High-tech architecture is not on the verge of a comeback. It actually never went away, says Owen Hatherley.


Every era comes back as a revival eventually. The fact that, in 2025, semi-ironically liking Make or Will Alsop buildings will be a top edgelord position is depressing, but an inevitability that it is pointless to lament.

But not all revivals are the same. In contemporary architecture, there are major revivals of brutalism and postmodernism, with online cults, books, and a few architects designing in a manner inspired by the original. But the difference between the politicised nostalgia of one and the raised eyebrow does-it-offend-you-yeah tone of the other is glaring. But what if there are architectures that are revival-proof?

Only one important architectural ideology of the last few decades has never returned – high-tech. It never went away, though clearly many wish it had. 

Few recent works by the great British masters of the genre have pleased critics much, although a few, like Grimshaw's Carbuncle Cup-winning suspension of the Cutty Sark inside an overengineered glass skirt, have infuriated them.

There is a retrospective on high-tech superstructures on now at one of Norman Foster's finest early buildings, the Sainsbury Centre in Norwich. There, the peculiar fact that these 1970s and 1980s buildings feel neither retro nor nostalgic can be explored more fully.

Few recent works by the great British masters of the genre have pleased critics much

Great glass spans, aluminium panels, ETFE and smooth steel members, services on the outside and a feeling of machine-made luxury and interchangability – it would would be odd for these totally normal features of the 21st-century built environment to provoke the sentimental feeling of distinct pastness that creates nostalgia.

If they were interested in the question at all – unlikely, as architects who have always professed to find notions of style and aesthetics to be mere distractions, and who would consider the idea of buildings eliciting emotional responses to be totally absurd – then most high-tech designers would consider this a victory. Their architecture has always just been an expression of the zeitgeist, nothing more; just 'the style of the day', as that old Hegelian Nikolaus Pevsner, used to say. 

At the same time, this is the architecture that most critics and architects under 50 find most infuriating, a global, homogenising slurry of luxury flats, airports and stacked trading floors, devoid of any apparent interest in place, history or urban grain. Worst of all are the ritual arguments it forces us into, the tedious scrap where we have to accept, say, those octogenerian bad boys, the high-tech lords, on the one side, and comedy reactionaries like Quinlan Terry and Leon Krier on the other as the only options for urban architecture.
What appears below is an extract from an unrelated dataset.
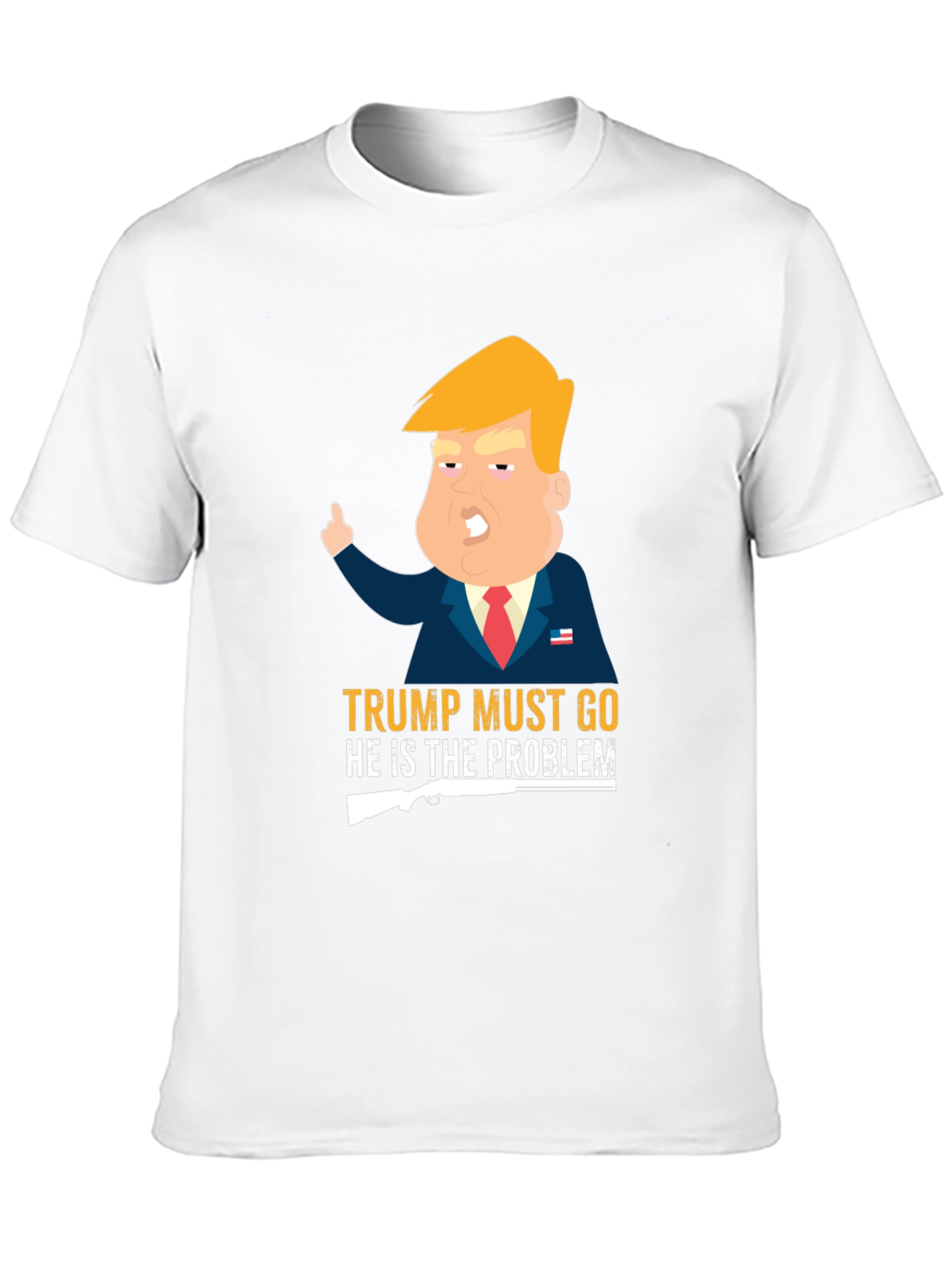 Black Trump Must Go T-Shirt view 10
This is the architecture that most critics and architects under 50 find most infuriating

For all the interest that Richard Rogers, for instance, professes to have in historic piazzas, it is striking how high-tech architects lose the plot most when in historic environments, from the mangling of the Cutty Sark to Rogers Stirk Harbour + Partners attaching a chunk of Stockley Park to the British Museum or Hopkins Architects' overbearing Portcullis House opposite Parliament. However civic they may look on the plan, in reality these have a CGI-like quality, and the buildings around may as well just be a blue screen.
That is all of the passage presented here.